> _Exercise data_:
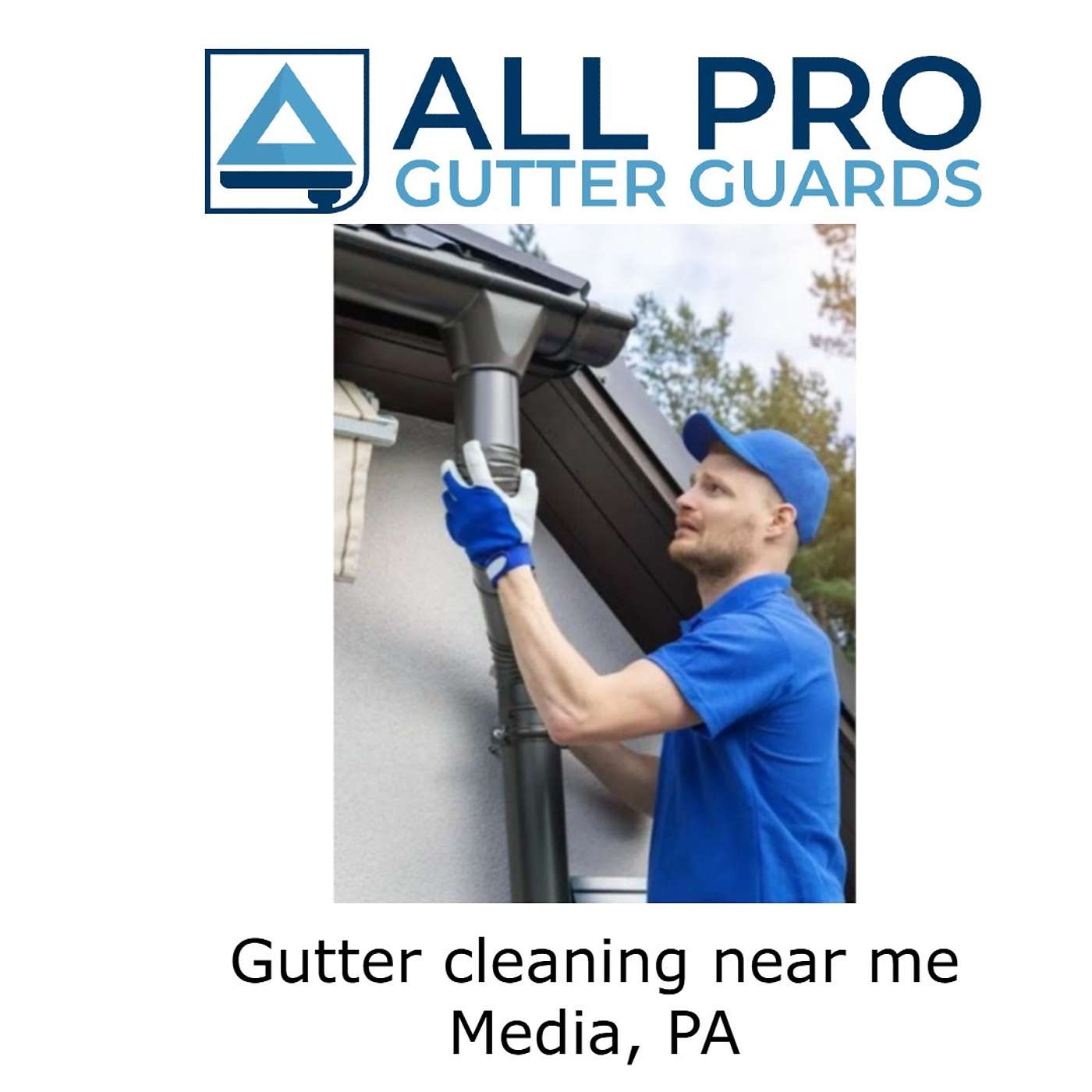 Gutter cleaning near me Media, PA episode artwork
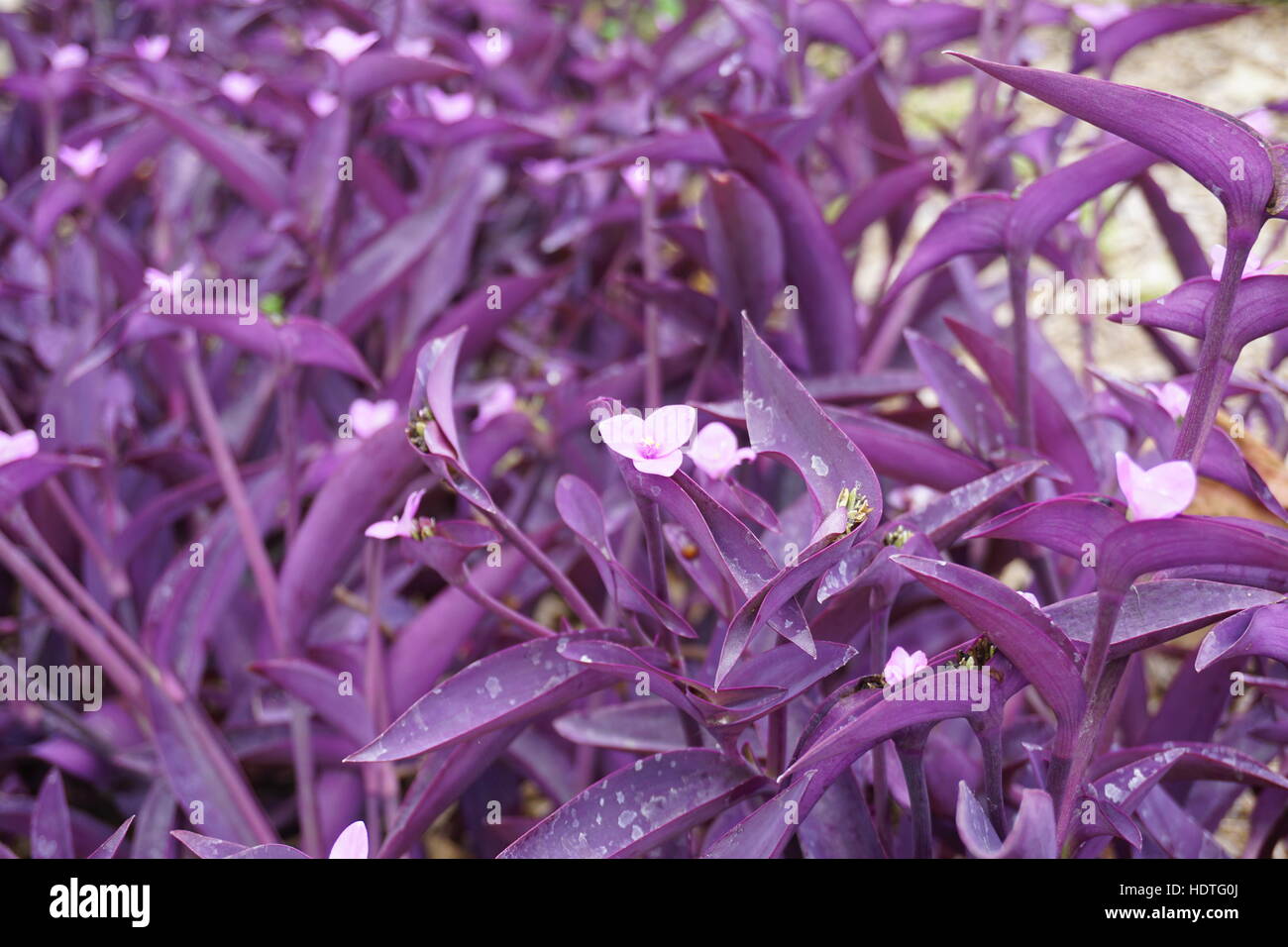 Lila Tradescantia Dreimasterblume Pflanze Stockfotografie Alamy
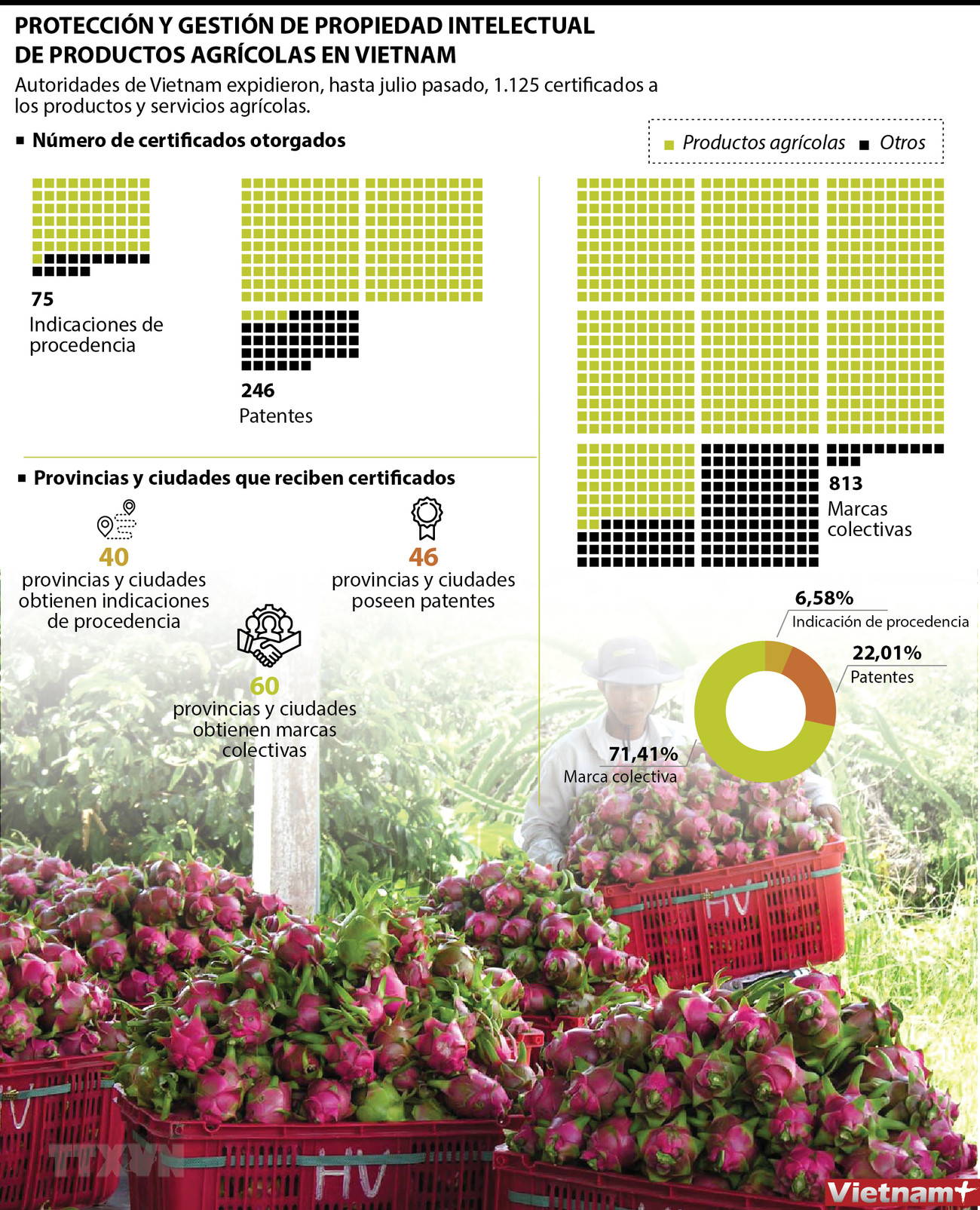 Protección y gestión de propiedad intelectual de productos agrícolas en Vietnam ảnh 1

> _Your assignment_:
Leave out all pictures and extract exactly the lines from the line with "Lila Tradescantia Dreimasterblume" through the end of the material.

> _Answer space_:
 Lila Tradescantia Dreimasterblume Pflanze Stockfotografie Alamy
 Protección y gestión de propiedad intelectual de productos agrícolas en Vietnam ảnh 1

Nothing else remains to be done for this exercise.